- PROVIDED MATERIAL:
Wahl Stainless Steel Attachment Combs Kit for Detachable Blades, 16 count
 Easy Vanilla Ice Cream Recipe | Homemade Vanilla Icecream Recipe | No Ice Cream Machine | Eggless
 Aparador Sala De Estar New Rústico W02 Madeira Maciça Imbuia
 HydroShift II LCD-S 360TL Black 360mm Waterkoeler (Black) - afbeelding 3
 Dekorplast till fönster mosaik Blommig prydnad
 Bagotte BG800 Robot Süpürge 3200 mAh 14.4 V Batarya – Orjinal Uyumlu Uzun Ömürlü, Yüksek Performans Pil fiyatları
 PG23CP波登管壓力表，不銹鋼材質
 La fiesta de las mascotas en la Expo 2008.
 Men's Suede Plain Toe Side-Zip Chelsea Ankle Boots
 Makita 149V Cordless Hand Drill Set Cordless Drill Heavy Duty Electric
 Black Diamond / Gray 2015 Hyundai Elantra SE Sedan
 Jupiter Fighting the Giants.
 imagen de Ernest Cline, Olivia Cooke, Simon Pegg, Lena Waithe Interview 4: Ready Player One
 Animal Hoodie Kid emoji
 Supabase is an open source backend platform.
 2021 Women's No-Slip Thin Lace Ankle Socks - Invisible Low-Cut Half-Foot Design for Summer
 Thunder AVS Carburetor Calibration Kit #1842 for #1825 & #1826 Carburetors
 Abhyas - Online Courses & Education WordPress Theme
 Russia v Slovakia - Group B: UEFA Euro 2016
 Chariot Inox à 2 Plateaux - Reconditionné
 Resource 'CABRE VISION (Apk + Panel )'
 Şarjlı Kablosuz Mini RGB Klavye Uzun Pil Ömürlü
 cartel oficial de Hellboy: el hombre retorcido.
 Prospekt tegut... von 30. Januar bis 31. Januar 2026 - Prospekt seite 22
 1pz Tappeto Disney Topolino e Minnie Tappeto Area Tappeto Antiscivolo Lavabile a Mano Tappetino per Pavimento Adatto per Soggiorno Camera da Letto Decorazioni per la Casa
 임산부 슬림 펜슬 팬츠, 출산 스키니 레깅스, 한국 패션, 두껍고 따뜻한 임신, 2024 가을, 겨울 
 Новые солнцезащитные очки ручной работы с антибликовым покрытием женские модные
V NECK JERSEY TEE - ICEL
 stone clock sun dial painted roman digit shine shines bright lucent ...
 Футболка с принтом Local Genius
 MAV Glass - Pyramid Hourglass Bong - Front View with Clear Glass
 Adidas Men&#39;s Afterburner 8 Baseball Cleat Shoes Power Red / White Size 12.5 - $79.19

- ASSIGNED TASK:
Check every line of the data for the string "Uzun". Give the number of lines that have it, and only that.

- EXERCISE RESPONSE:
2